别墅副栋空荡荡的,比起以往,好像更安静了不少。
陈缙鸣手里的手杖,一步一步地轻碰着地面,那动静听着分外沉闷。
陈敬洲缓步跟在他身后。
楼上书房,他反手关严了房门。
陈缙鸣紧锁着眉头,神情十分凝重,一回身便沉声问道:“你性情一向稳重,今天是怎么了?”
“刚才到底发生什么事了?为什么把清野打成那样?”
陈其东匆匆忙忙去喊他们的时候,也没说清楚前因后果,只知道陈敬洲突然对陈清野动了手。
至于原因,他到现在都一头雾水。
陈敬洲站在他一步之外,眼帘微垂,面上平静无波,语气极淡的回:“没有为什么,看他不顺眼。”
陈缙鸣不禁语塞了一下,差点被他这话噎住。
他拄着手杖走近一步,压低了音量,无奈劝道:“儿子,我知道你恨他,但现在不是对他动手的时候。二房背后的靠山,不仅仅是老爷子一个人。”
“你有没有想过,今天这么一闹,二房会不会借机反扑你?!”说到这里,情绪才免不了有几分激动。
陈缙鸣比谁都心疼自己的儿子。多少年了,始终暗恨着自己年轻时,对家族事业不上心,才导致了二房一脉有机可乘。
没有任何助力,陈敬洲就靠着自己,这么步履维艰的走到了今天这一步。
陈缙鸣是怕他一个不小心,最后满盘皆输。
但相比起他的担忧,陈敬洲却总是那淡淡的样子,漫不经心的扯了扯嘴角,说:“打都打了,又能怎么样。”
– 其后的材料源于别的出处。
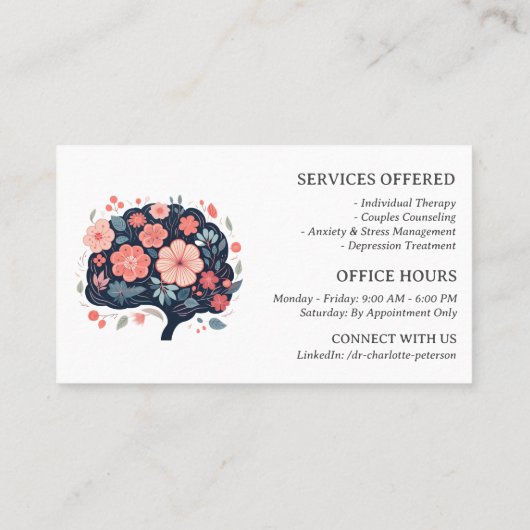Moderne psycholoog psychotherapie visitekaartje (Achterkant)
他看着陈缙鸣,思索一瞬,还是冷静的安抚了父亲:“爸,我知道自己在做什么。”
陈缙鸣挑了下眉,不置可否。
他盯着儿子细细端详了片刻,心中终于猜到一二:“又是为了迎迎吧?”
许迎担心陈敬洲。
父子两人上楼后不久,她也悄悄地跟了上去。
一个人在走廊里静等了半晌,也不见男人出来。
她脚上穿着双高跟鞋,站久了就觉得好累,小腿都僵僵木木的,索性靠着墙壁蹲了下来,埋着头有一下没一下捏着自己的手指。
思绪早已飘远……她满脑子都是陈敬洲。
不知怎么的,心上仿佛有什么东西,被打了个死结似的,让她乱如麻,实在难以理清。
只知道心中干涸,正被一场细雨无声的滋润着。那样的平静且强大。润物细无声般,在点点滴滴里,渗透了她的全部。
她难以自控的渴望着什么。
许迎低着头出神了很久,隐约听到脚步声正由远及近……
思绪渐渐的回笼时,先进入视线的,便是男人那双干净又昂贵的高定皮鞋。
再往上,是他无半点褶痕的笔直裤管,清贵温冷的灰色系,包裹着他遒劲有力的长腿。
高高的站在那儿,宛若山峰不可攀。
许迎一仰起头,就对上了他深不见底的眼睛。
陈敬洲温缓出声:“蹲在这里做什么?”
说话间,伸手一捞,轻轻松松的将她拽了起来。.
许迎蹲的久了,脚有点麻,高跟鞋趔趄的“哒哒”几声,本能抓住了他的衣服。
陈敬洲立刻圈紧她的腰,稳稳地拥着她的身体。
许迎在他怀里抬起了头。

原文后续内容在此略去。